Innen- Silikatfarbe (auf jeden Fall bei kalten Wänden mit dem Risiko von Kondensfeuchte und nachfolgendem Schimmelbefall) oder Papiertapeten sind nicht nur kostengünstiger und gasen bedeutend weniger Schadstoffe aus, sondern sie erhalten die Atmungsfähigkeit der Wände und verbessern das Raumklima.


5. Infos zu: Lösemittel
Der wirkungsvollste Effekt zum Schutz der Gesundheit kann durch den generellen Verzicht auf lösemittelhaltige Produkt erzielt werden. Das gilt z.B. für Teppichkleber, Lack- oder Latexfarben an den Wänden.
Wenn der Einsatz lösemittelarmer Produkte unumgänglich ist, muss auf eine gute und schnelle Trocknungszeit ebenso geachtet werden, wie auf eine intensive und regelmäßige Lüftung.
Achtung: Sicherheitsdatenblätter liefern Fachdaten für Industrie und Gewerbe, erlauben aber keine Schlüsse auf mögliche Gesundheitsgefahren für den Nutzer.

Als "lösemittelarm" gekennzeichnete Kleber dürfen z.B. einen Anteil an Lösemitteln von 5% haben. Auch aus gesetzlich als "lösemittelfrei" gekennzeichneten Produkten können Lösemittel ausgasen, denn ein Anteil unter 0,5% braucht ebenso wenig angegeben zu werden, wie der Gehalt an Lösemitteln mit einem Siedepunkt oberhalb von 200 °C. Diese sind leider "schwerflüchtig", d.h. die Ausdünstungen können jahrelang dauern!


6. Infos zu: Schwermetalle
Wer zur Vorsorge Kontakte mit Schwermetallen vermeiden will, sollte:

  • Keine Amalgamfüllungen einsetzen lassen;
  • Keine Metallgegenstände (Schmuck, Brille) am Körper tragen;
  • Geschirr aus Keramik verwenden;
  • Schwermetallhaltige Wasserleitungen vermeiden oder austauschen;
  • Auf das Rauchen verzichten

7. Infos zu: Künstliche Mineralfasern
Erhöhte Faserkonzentrationen können auftreten, wenn bautechnische Mängel bestehen und Stäube oder Fasern aus der Dämmung sichtbar herabrieseln oder durch intensive Luftbewegung ein Abrieb möglich ist. Bei fachgerechtem Einbau, d.h. vollständigem mechanischem Abschluss gegenüber Innenräumen besteht grundsätzlich keine Gefahr.

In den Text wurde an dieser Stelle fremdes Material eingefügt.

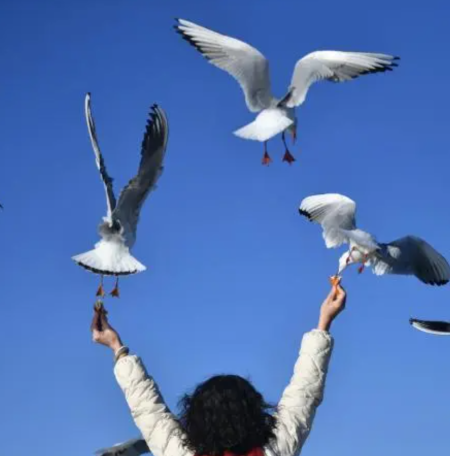 ���������ϡ�����������������Ÿ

8. Infos zu: Schimmelpilze und Bakterien
Liegen die Ursachen für erhöhten Schimmelbefall in einem Feuchteschaden, hilft langfristig nur eine bauliche Verbesserung. Nach der Sanierung von defekten Materialien, der Einbringung von Sperrschichten oder der Veränderung des Taupunktes ist eine vollständige Trockenlegung und insbesondere eine Entfernung belasteter Materialien erforderlich.
Der Einsatz von chemischen Stoffen (Fungizide) zur Pilztötung scheint oftmals unabwendbar. Aus gesundheitlicher Sicht bestehen aber erhebliche Bedenken, da Fungizide auch auf den Menschen gesundheitschädlich wirken können. Zudem führen fungizide Mittel oft nur vorübergehend zur Beseitigung des Pilzschadens und können eine Neubesiedelung bei fehlenden technischen Maßnahmen (Austrocknung) nicht verhindern.
Im Notfall sollten unter Beachtung aller Sicherheitsregeln und sonstiger Produkthinweise aufgrund der hohen Wirksamkeit Alkohole (70%-ig) oder quartäre Ammoniumverbindungen eingesetzt werden.

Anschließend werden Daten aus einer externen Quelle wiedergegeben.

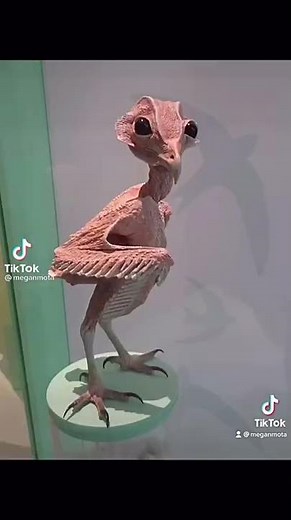 What an owl looks like without feathers 😳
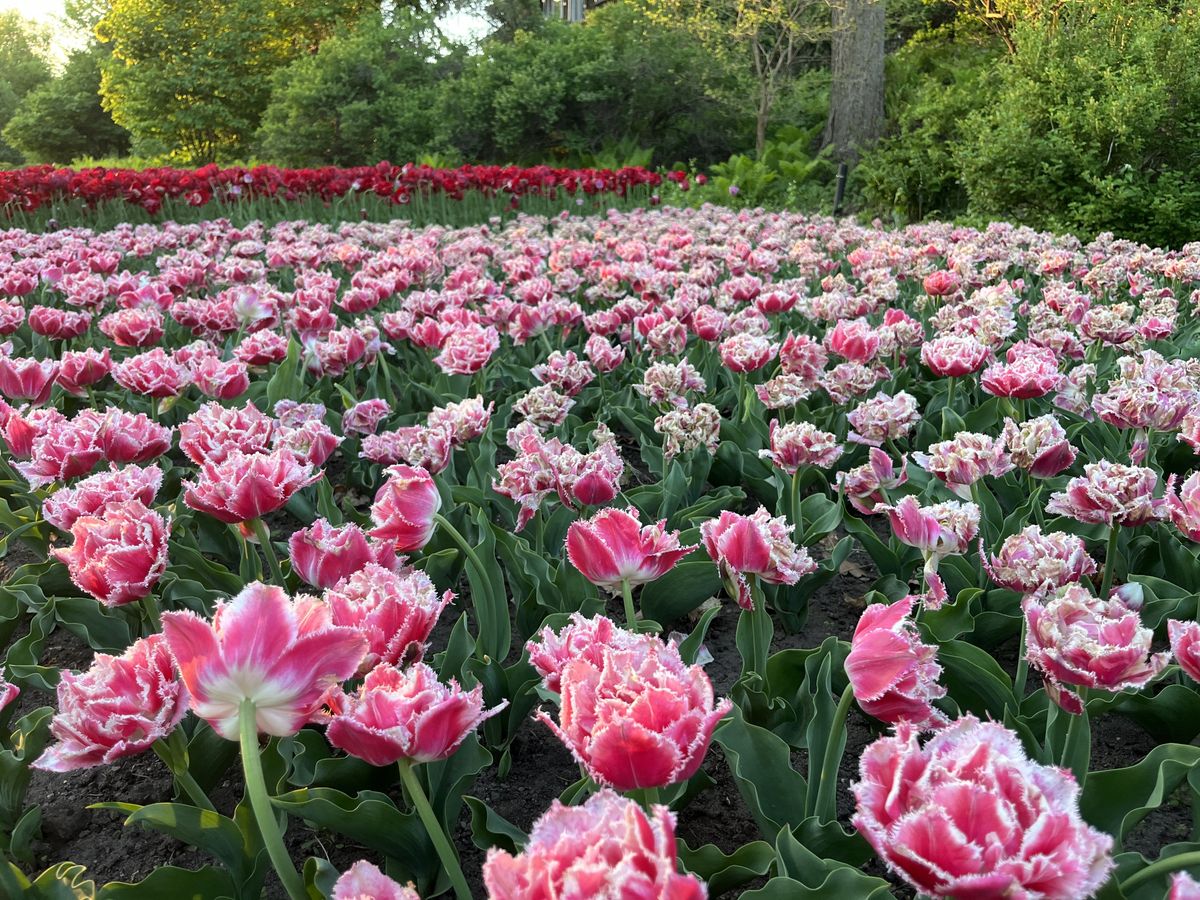 queensland tulip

Achtung: Lassen Sie bei einem Neubau vor der Einbringung von Einbaumöbeln und Bodenbelägen die Feuchtekonzentrationen in Wänden und Estrichen fachgerecht kontrollieren und lassen sich eine verbindliche Erklärung geben, dass kein Schimmel entstehen kann.
Verzichten Sie auf erst einmal auf Tapeten und nehmen eine Innen- Silikatfarbe.